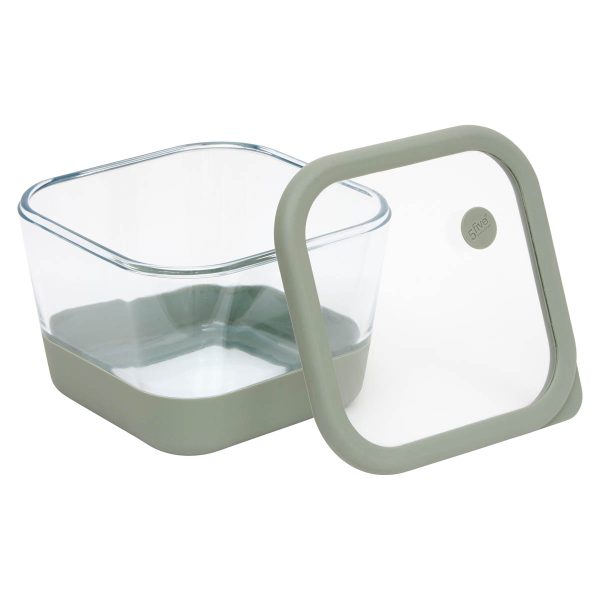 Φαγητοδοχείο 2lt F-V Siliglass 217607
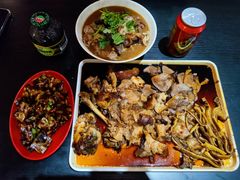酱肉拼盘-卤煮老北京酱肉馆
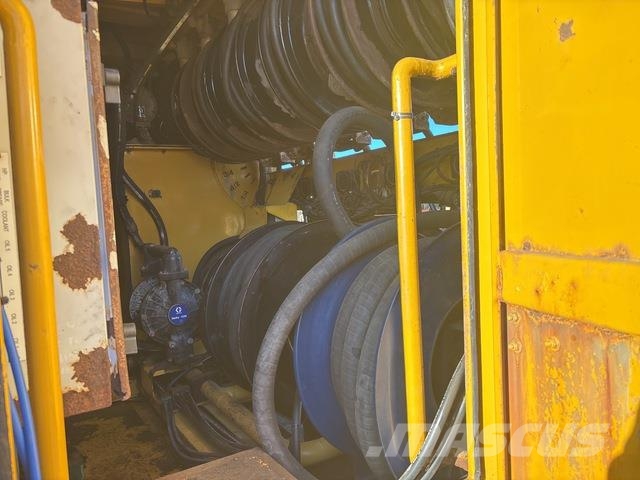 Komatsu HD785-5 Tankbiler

Exercise directions: An exact transcription of the data above is needed, without the pictures.

Exercise solution:
 Φαγητοδοχείο 2lt F-V Siliglass 217607
酱肉拼盘-卤煮老北京酱肉馆
 Komatsu HD785-5 Tankbiler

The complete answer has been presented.